#### Data for processing
▬▬▬▬▬▬▬▬▬▬
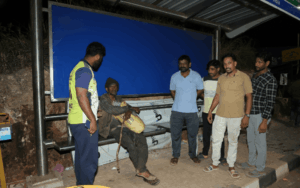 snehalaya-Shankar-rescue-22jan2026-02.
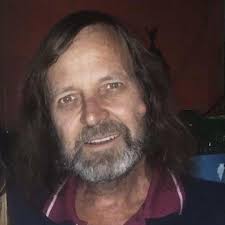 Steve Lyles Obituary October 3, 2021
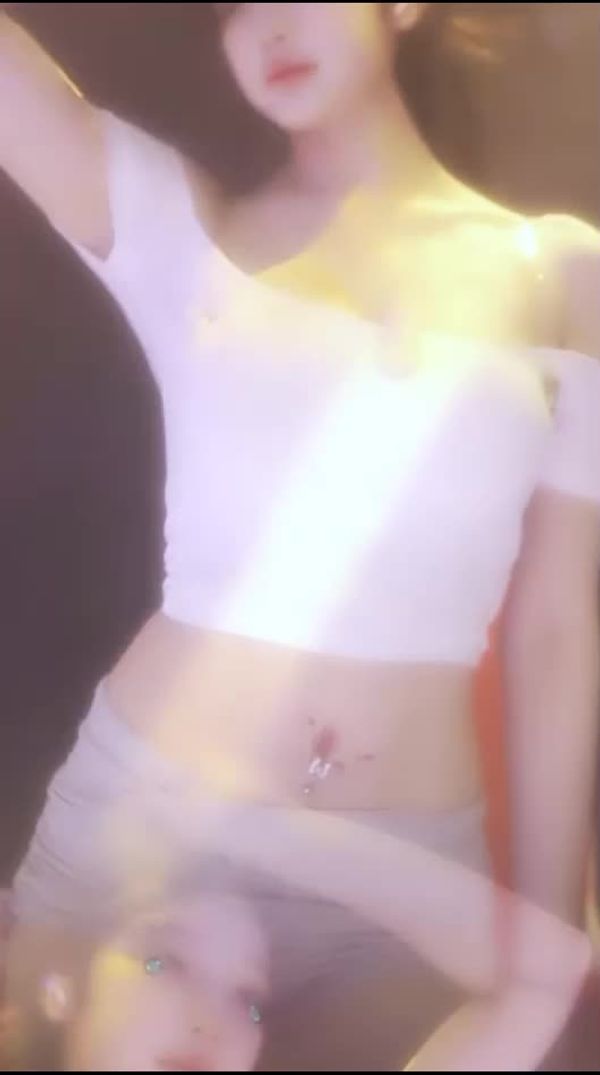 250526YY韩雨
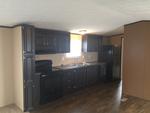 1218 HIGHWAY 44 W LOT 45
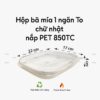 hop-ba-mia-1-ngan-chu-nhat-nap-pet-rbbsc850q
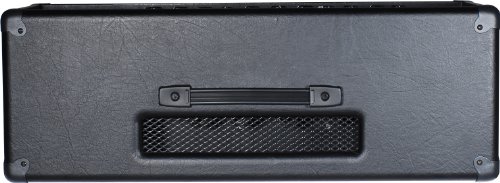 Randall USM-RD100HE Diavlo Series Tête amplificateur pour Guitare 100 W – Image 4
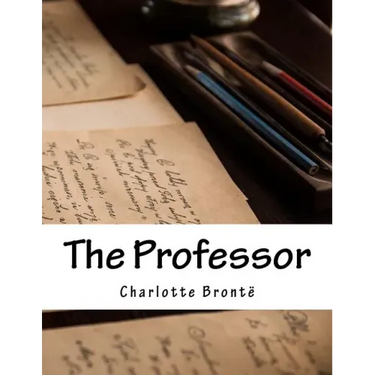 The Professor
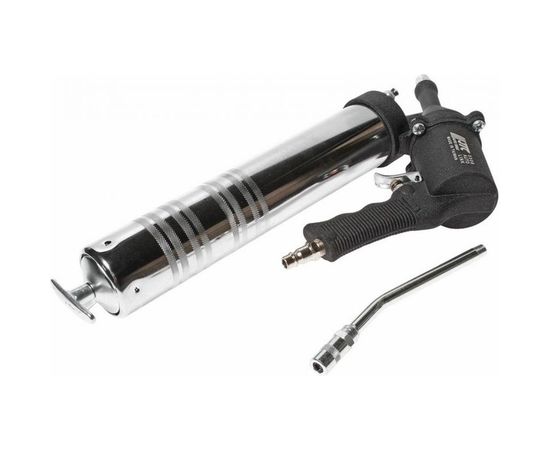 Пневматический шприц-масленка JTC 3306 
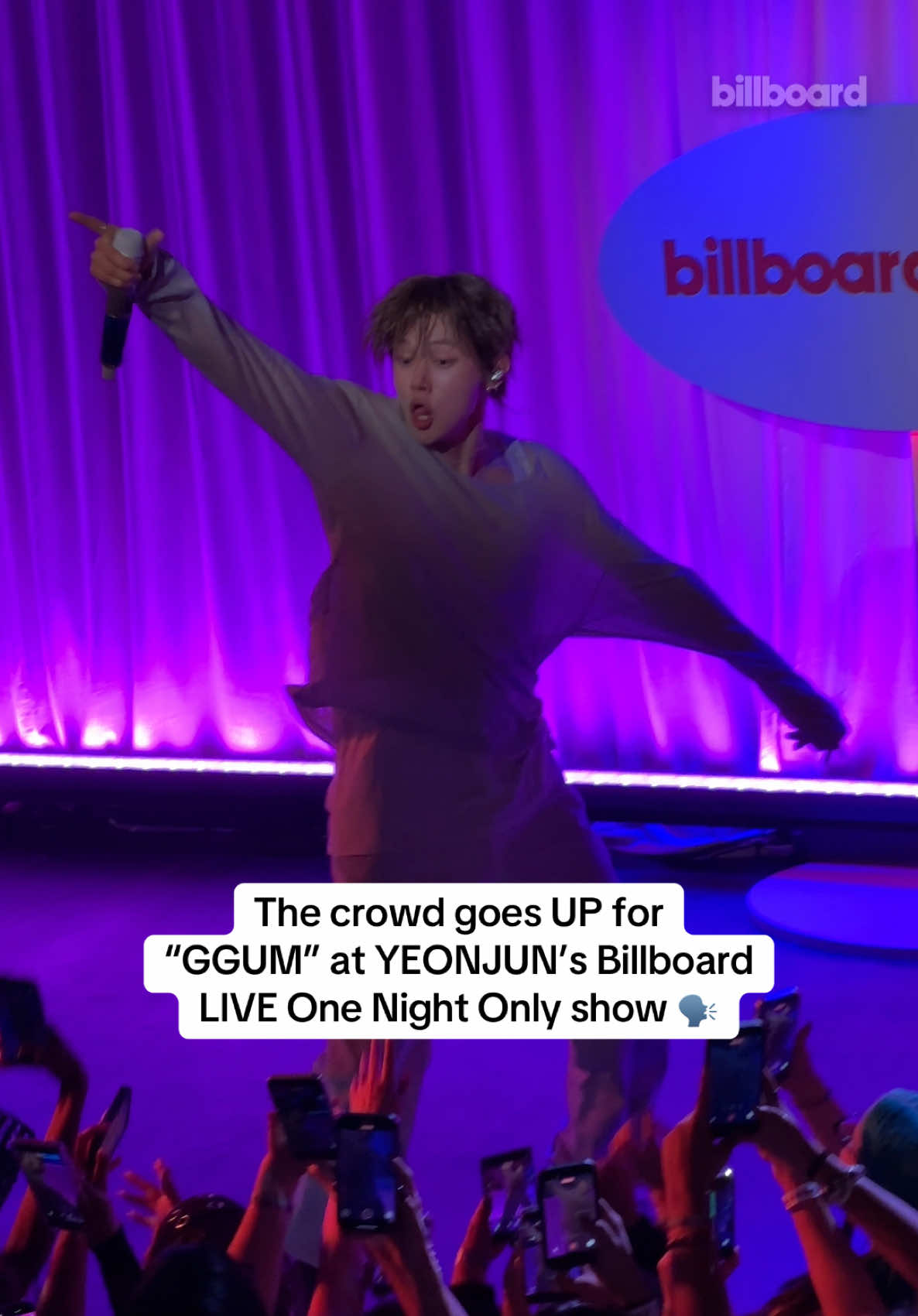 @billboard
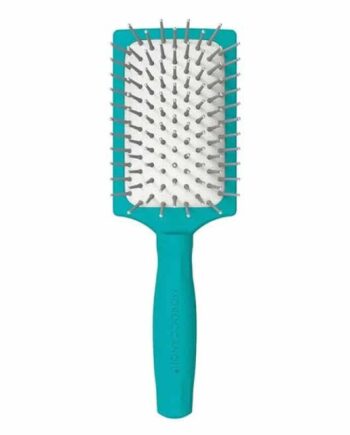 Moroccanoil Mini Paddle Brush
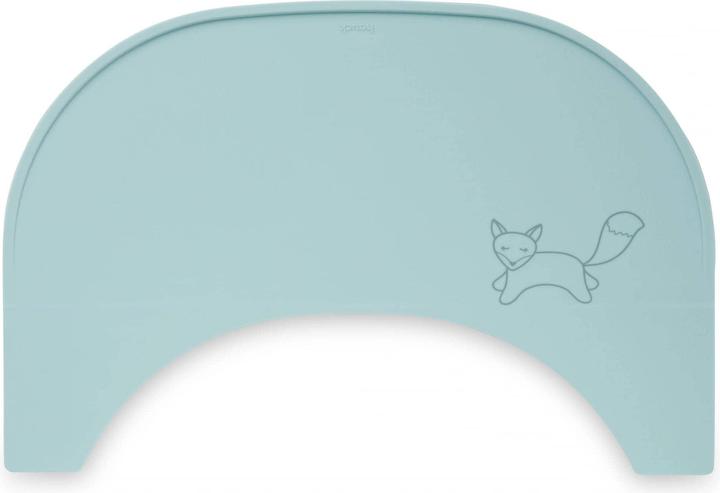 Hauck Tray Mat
▬▬▬▬▬▬▬▬▬▬
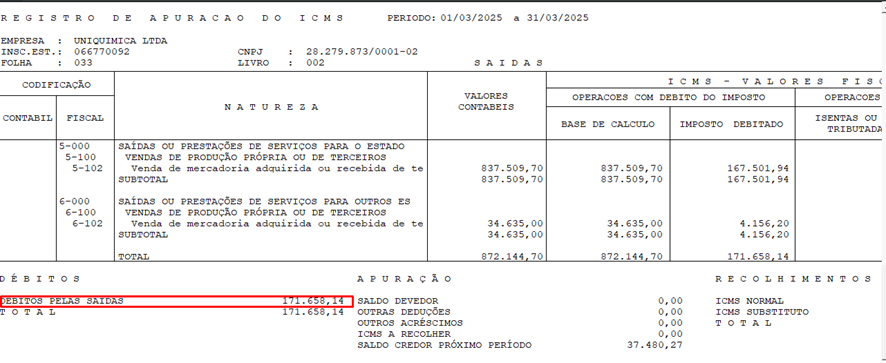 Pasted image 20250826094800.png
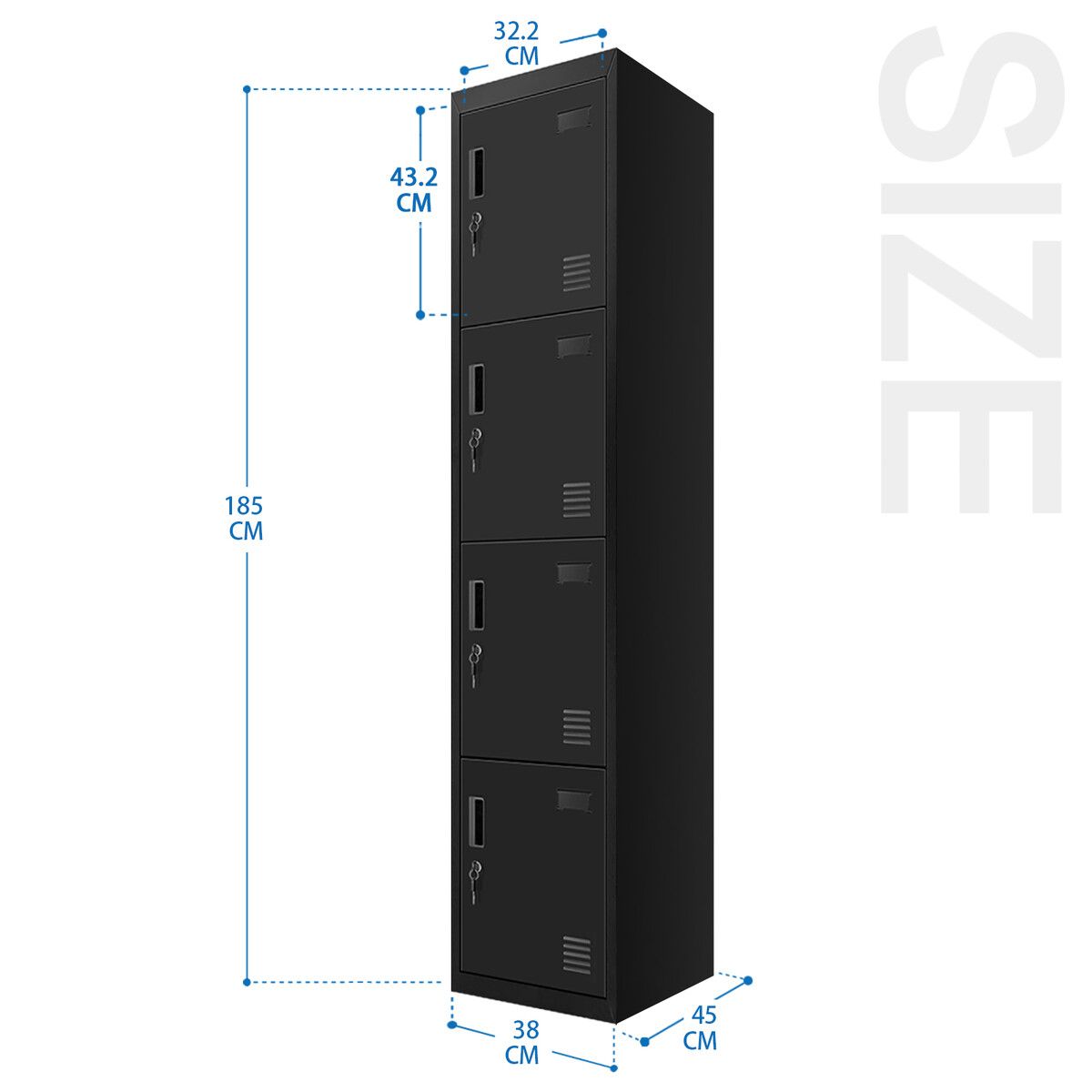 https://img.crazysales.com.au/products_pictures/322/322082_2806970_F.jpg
▬▬▬▬▬▬▬▬▬▬
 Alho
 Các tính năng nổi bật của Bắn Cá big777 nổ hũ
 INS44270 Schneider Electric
▬▬▬▬▬▬▬▬▬▬
#### Your objective
If a picture sits between the line containing "snehalaya-Shankar-rescue-22jan2026-02." and the line containing "Hauck Tray Mat", leave it out, and return the lines of that range above exactly, both ends included.

#### Output of the exercise
 snehalaya-Shankar-rescue-22jan2026-02.
 Steve Lyles Obituary October 3, 2021
 250526YY韩雨
 1218 HIGHWAY 44 W LOT 45
 hop-ba-mia-1-ngan-chu-nhat-nap-pet-rbbsc850q
 Randall USM-RD100HE Diavlo Series Tête amplificateur pour Guitare 100 W – Image 4
 The Professor
 Пневматический шприц-масленка JTC 3306 
 @billboard
 Moroccanoil Mini Paddle Brush
 Hauck Tray Mat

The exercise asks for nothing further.